Location
- Country: Bulgaria

Physical characteristics
- • location: Pirin
- • coordinates: 41°38′48.84″N 23°26′35.16″E﻿ / ﻿41.6469000°N 23.4431000°E
- • elevation: 2,409 m (7,904 ft)
- • location: Struma River
- • coordinates: 41°25′42.96″N 23°18′42.12″E﻿ / ﻿41.4286000°N 23.3117000°E
- • elevation: 85 m (279 ft)
- Length: 30 km (19 mi)
- Basin size: 97 km^{2} (37 sq mi)

Basin features
- Progression: Struma→ Aegean Sea

= Melnishka reka =

The Melnishka reka (Мелнишка река) is a river in south-western Bulgaria, a left tributary of the Struma. The river is 30 km long and drains part of the south-western sections of the Pirin mountain range.
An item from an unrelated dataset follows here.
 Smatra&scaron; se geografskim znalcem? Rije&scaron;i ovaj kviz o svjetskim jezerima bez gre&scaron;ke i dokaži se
The river takes at an altitude of 2,409 m, at about 300 m from the summit of Kelyo (2,484 m). It flows in southeastern direction through most of its course. In its upper stretches Melnishka reka flows through a densely forested valley. Downstream of the village of Doleni, the river enters en eroded valley, where along with its tributary the Sugarevska reka, it runs along the Melnik Earth Pyramids. Near the village of Zornitsa the river enters the Sandanski–Petrich Valley, at the village of Kromidovo it turns westwards and then southwards at the village of Novo Konomladi. It flows into the Struma at an altitude of 85 m at 1.8 km west of the village of Marikostinovo.
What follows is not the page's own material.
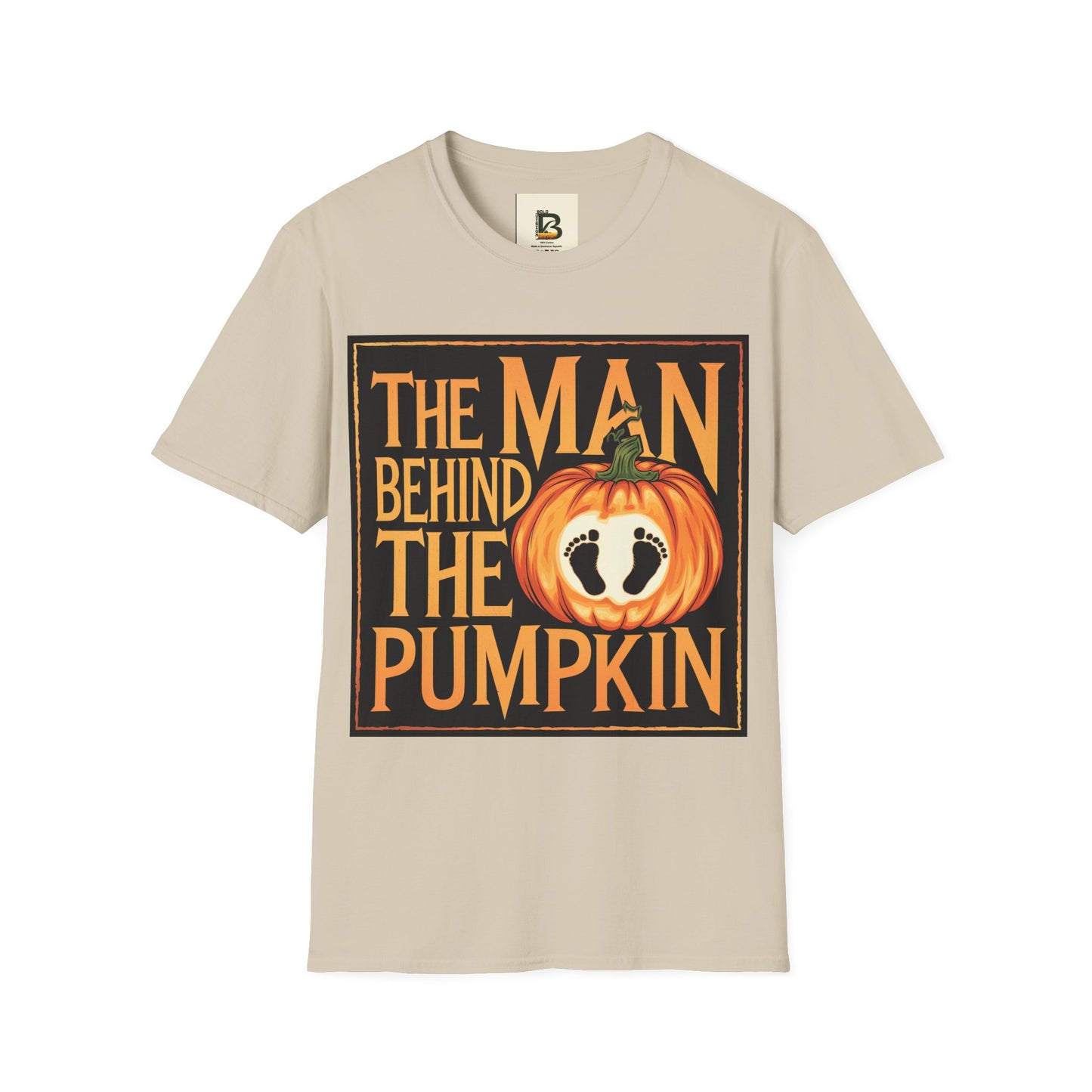 A poster for the man behind the pumpkin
Its drainage basin covers a territory of 97 km^{2} or 0.56% of Struma's total.

The Sandanska Bistritsa River has predominantly snow-rain feed with high water in late spring (April–May) and low water in late summer (August–September). The average annual flow is 0.75 m^{3}/s.

There are six settlements along the river: Doleni, Melnik, Lozenitsa and Zornitsa in Sandanski Municipality, as well as Kromidovo, Kapatovo and Novo Konomladi in Petrich Municipality, all in Blagoevgrad Province. The river's waters are utilised for irrigation.